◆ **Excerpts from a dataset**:
■ ■ ■ ■

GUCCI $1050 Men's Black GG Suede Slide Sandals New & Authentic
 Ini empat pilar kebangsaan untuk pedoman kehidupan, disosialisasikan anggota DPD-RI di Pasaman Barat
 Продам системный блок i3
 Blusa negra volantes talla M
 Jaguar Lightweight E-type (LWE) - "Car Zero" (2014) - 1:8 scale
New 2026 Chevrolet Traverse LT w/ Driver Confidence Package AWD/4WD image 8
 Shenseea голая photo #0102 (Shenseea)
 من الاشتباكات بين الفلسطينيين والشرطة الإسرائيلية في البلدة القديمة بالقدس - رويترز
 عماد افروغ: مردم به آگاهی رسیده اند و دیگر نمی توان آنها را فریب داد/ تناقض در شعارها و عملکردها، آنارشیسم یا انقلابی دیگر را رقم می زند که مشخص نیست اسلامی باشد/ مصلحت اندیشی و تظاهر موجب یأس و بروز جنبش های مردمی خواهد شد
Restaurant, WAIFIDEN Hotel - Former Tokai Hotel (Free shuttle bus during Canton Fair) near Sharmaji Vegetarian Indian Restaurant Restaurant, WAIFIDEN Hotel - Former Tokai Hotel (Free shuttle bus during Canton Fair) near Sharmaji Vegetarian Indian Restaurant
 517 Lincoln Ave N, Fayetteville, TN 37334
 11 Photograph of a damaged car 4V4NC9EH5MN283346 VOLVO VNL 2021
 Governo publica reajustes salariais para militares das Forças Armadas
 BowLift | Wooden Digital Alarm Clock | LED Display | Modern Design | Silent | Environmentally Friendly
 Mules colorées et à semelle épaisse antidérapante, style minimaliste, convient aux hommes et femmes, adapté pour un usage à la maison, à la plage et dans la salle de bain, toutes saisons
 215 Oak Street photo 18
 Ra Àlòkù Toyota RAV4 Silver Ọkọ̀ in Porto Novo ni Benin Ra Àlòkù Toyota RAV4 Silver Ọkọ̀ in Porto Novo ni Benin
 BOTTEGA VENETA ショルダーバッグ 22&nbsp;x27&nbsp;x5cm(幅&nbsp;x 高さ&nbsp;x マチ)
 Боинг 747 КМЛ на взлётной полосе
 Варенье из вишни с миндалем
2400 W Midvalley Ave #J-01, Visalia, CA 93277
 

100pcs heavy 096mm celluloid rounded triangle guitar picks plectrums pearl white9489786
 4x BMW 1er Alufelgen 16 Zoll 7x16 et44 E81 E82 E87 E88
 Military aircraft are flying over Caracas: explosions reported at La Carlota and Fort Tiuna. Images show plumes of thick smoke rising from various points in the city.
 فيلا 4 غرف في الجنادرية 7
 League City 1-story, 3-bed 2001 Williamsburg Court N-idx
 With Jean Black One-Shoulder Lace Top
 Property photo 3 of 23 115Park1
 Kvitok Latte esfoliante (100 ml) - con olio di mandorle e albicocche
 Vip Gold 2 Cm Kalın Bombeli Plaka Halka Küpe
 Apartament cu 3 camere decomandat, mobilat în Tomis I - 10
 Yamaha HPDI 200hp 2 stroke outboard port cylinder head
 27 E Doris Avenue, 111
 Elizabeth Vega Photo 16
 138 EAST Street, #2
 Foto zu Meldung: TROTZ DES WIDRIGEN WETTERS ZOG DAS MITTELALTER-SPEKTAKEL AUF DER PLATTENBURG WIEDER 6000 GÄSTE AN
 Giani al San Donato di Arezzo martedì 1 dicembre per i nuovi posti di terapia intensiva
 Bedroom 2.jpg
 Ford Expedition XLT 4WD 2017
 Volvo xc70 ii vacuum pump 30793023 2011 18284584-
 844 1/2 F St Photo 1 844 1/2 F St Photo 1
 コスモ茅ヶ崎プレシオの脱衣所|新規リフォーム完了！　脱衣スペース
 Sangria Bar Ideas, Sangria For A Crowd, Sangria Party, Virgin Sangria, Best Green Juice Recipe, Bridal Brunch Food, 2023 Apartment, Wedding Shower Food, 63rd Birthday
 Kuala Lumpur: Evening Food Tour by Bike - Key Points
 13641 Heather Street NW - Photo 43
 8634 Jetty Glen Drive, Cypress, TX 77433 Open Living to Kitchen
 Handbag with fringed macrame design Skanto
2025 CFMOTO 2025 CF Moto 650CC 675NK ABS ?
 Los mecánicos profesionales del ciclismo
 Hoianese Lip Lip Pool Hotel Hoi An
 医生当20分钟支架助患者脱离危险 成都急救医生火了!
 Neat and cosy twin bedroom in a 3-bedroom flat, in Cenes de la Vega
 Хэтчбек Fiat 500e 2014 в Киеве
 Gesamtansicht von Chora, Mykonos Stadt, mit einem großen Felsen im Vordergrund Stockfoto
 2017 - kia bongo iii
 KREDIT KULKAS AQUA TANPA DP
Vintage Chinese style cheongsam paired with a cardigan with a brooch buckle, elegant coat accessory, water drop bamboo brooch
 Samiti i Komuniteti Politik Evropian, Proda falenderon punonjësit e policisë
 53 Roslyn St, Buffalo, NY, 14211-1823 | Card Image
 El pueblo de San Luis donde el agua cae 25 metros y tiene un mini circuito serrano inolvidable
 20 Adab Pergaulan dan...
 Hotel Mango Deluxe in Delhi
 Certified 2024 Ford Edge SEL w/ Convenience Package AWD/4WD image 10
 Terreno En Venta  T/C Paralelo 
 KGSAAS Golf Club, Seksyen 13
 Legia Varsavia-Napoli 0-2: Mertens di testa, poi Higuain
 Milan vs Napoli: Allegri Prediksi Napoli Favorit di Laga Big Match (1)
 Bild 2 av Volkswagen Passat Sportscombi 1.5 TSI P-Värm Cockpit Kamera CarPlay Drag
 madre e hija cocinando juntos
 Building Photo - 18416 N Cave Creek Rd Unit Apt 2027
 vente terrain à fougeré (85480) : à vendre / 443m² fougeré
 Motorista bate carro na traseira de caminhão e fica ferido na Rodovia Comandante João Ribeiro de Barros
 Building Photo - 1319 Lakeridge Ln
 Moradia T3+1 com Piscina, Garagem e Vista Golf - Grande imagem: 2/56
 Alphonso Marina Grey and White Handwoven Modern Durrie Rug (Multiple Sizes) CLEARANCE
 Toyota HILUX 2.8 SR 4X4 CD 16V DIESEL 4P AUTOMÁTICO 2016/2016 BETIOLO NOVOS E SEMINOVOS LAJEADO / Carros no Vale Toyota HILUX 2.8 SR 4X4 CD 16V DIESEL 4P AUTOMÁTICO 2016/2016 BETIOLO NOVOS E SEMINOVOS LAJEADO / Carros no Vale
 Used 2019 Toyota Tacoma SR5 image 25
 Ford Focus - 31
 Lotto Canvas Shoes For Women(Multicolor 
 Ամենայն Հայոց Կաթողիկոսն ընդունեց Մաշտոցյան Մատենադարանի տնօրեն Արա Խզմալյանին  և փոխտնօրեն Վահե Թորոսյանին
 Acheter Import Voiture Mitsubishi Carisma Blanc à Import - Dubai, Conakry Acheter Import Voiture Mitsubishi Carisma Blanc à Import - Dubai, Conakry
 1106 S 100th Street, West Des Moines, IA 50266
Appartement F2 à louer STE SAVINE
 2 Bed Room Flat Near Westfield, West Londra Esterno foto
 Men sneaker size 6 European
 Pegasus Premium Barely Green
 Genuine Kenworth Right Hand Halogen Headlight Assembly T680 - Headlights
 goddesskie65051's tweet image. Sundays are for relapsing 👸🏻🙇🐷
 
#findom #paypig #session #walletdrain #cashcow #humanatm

■ ■ ■ ■

◆ **Problem**: The answer must be every line of the data that contains the word "Package".

◆ **Exercise output**:
New 2026 Chevrolet Traverse LT w/ Driver Confidence Package AWD/4WD image 8
 Certified 2024 Ford Edge SEL w/ Convenience Package AWD/4WD image 10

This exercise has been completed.